Tonsgard takes down disputed gate

Company owner removes barrier until state lawsuit resolved

Posted: Friday, December 29, 2000

Channel Construction has removed a locked gate across the road to the Boy Scout camp trailhead near Eagle Beach until a lawsuit with the state is settled.

The state has sued Channel Construction, owned by William "Shorty" Tonsgard, to permanently remove the gate, which was put up two months ago. The state says the gate blocks a public easement on Boy Scout Camp Road. The road leads to a trail to the camp, which had a key to the locked gate, and to public land along the beach.
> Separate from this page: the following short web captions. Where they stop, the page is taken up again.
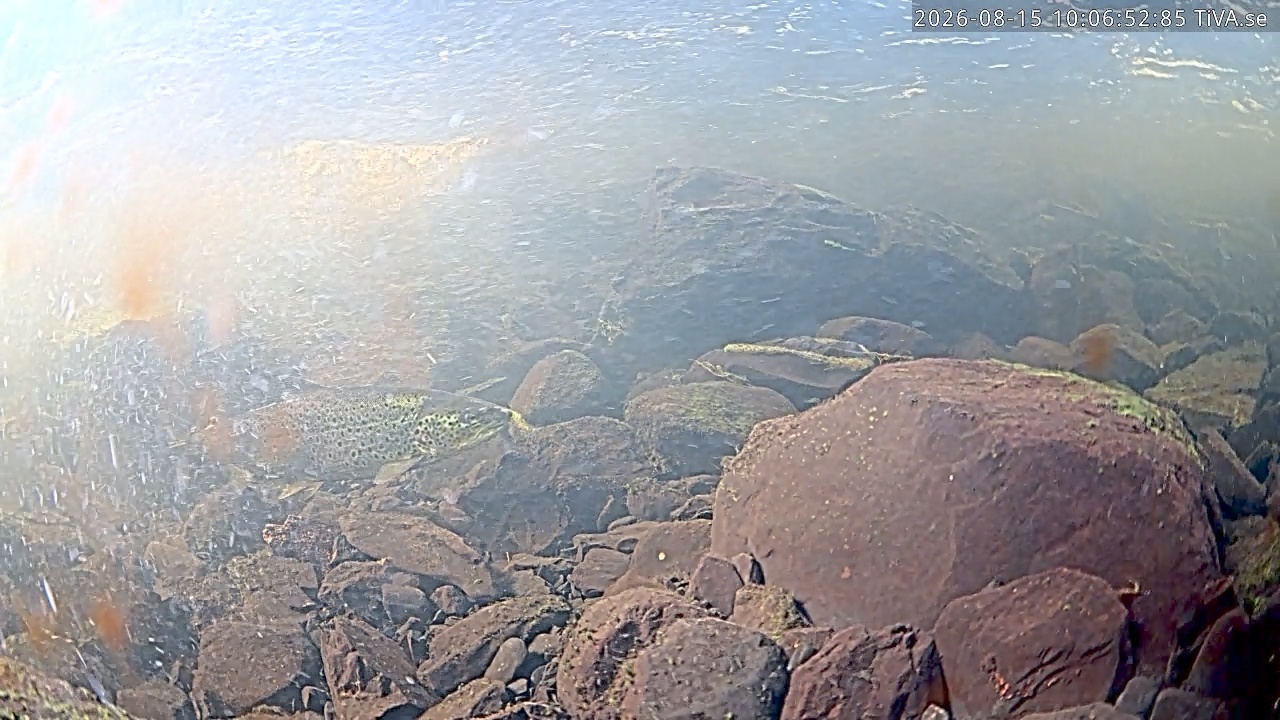 Video 2026-08-15 10:09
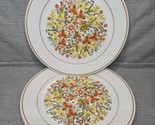 Vintage Set of 4 Corelle Indian Summer Design 10&#39;&#39; Dinner Plates - £30.36 GBP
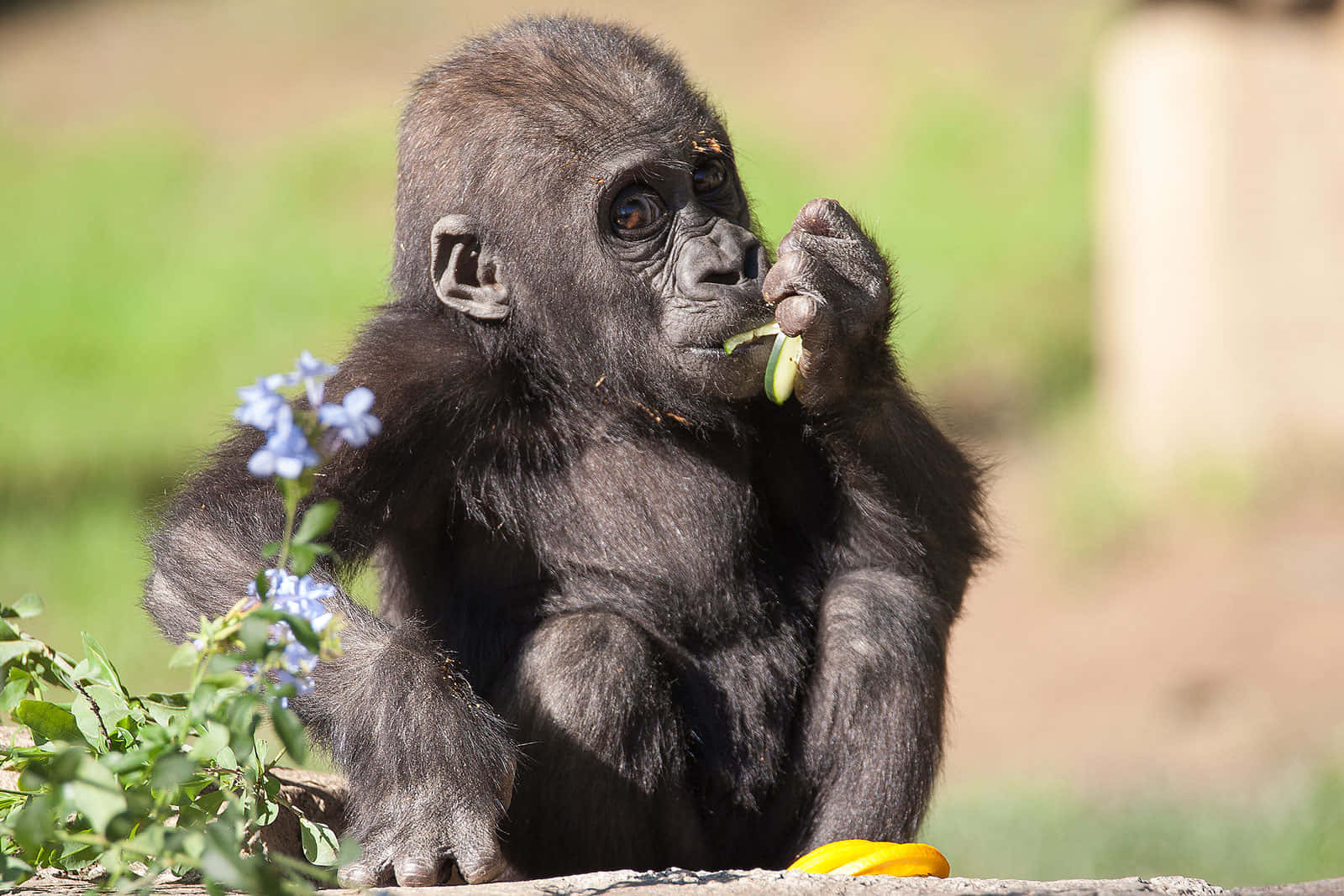 Cute Gorilla Eating Background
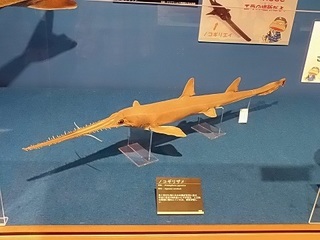 012 17.10.13 018 サメ展・ノコギリザメ.jpg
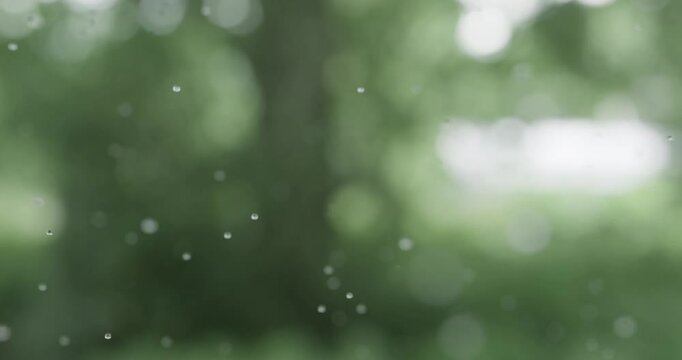 3d animation of rain falling with background of trees and leaves. Rainy season, rain image. (Horizontal)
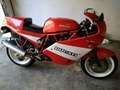 Ducati 900 SS 900 SS Supersport Rood - thumbnail 2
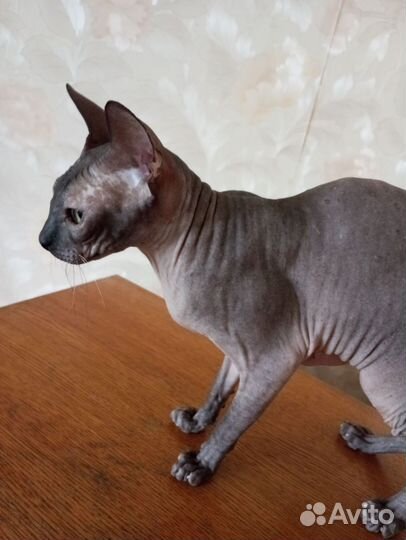 Кошечка Донского сфинкс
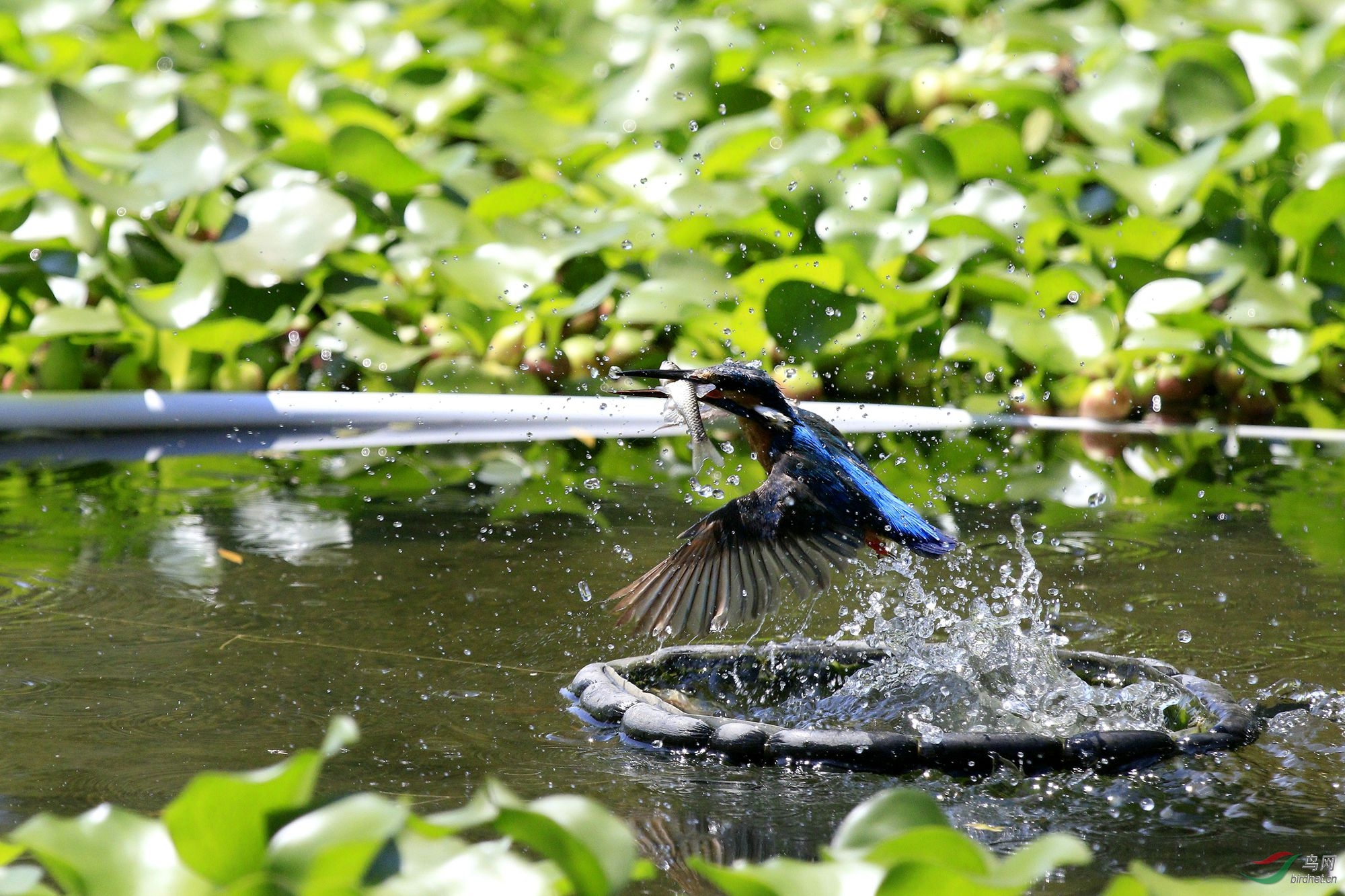 莲翠衔鱼出水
But Tonsgard, who owns 147 acres surrounding the road, has said the easement reverted to him because it hasn't been maintained, as required by the original deed.
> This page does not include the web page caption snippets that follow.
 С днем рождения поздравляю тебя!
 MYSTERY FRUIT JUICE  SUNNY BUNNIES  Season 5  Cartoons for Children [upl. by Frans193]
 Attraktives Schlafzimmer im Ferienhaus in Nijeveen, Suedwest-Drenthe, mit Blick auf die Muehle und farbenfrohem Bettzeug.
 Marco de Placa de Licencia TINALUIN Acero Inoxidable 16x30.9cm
Daniel Hickey, Tonsgard's attorney, notified Juneau Superior Court on Thursday that the gate was being removed and wouldn't be reinstalled during the lawsuit. But they aren't conceding on the substance of the lawsuit.
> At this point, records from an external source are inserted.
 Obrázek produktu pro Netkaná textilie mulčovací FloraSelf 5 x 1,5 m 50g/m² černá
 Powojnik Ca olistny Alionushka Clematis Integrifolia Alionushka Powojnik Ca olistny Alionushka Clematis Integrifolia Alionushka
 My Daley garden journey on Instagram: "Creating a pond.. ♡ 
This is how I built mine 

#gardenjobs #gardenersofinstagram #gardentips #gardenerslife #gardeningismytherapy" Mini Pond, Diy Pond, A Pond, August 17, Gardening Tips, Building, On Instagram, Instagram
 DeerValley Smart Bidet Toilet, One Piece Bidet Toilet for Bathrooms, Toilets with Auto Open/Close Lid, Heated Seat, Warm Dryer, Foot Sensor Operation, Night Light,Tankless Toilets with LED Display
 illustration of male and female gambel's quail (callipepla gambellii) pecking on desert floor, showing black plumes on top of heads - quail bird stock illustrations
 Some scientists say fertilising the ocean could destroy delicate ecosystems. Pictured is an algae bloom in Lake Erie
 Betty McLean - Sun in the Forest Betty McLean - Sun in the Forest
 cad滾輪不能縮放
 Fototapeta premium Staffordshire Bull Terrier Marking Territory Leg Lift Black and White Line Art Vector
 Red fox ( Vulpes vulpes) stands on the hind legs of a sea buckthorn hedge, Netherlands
Hickey, speaking from his Anchorage office today, said a question about the validity of a Forest Service deed to a parcel within Tonsgard's property has halted construction work that made the gate necessary.

"Shorty put up the gate primarily because of concerns with the construction activity he had going on," Hickey said. Tonsgard also was concerned about the safety of people who use the road, Hickey said.

Hickey said Tonsgard hadn't heard of the Forest Service deed until the state mentioned it earlier this month. Hickey said it's not clear the deed is valid, or if it is, what land it refers to. Tonsgard has been paying property taxes on the 147 acres since buying the land in 1998, Hickey said.

The questions about the Forest Service deed aren't the main issue that's disputed in the lawsuit, which is the validity of two deeds to rights of way granted by the original landowner to the federal government in the 1930s. The rights of way run along Boy Scout Camp Road and Herbert River Truck Road. The Boy Scout Camp Road has been the focus of the dispute for the public because Tonsgard gated it.

"The state has asserted it's a public highway and we have the right to use that highway," said Assistant Attorney General Peter Putzier. "And Shorty has said, 'No, it's an easement that reverts to me, but we'll leave it open until the end of this (legal) action.' "

Putzier and Hickey said it will take months to research documents and take depositions before a judge hears the case.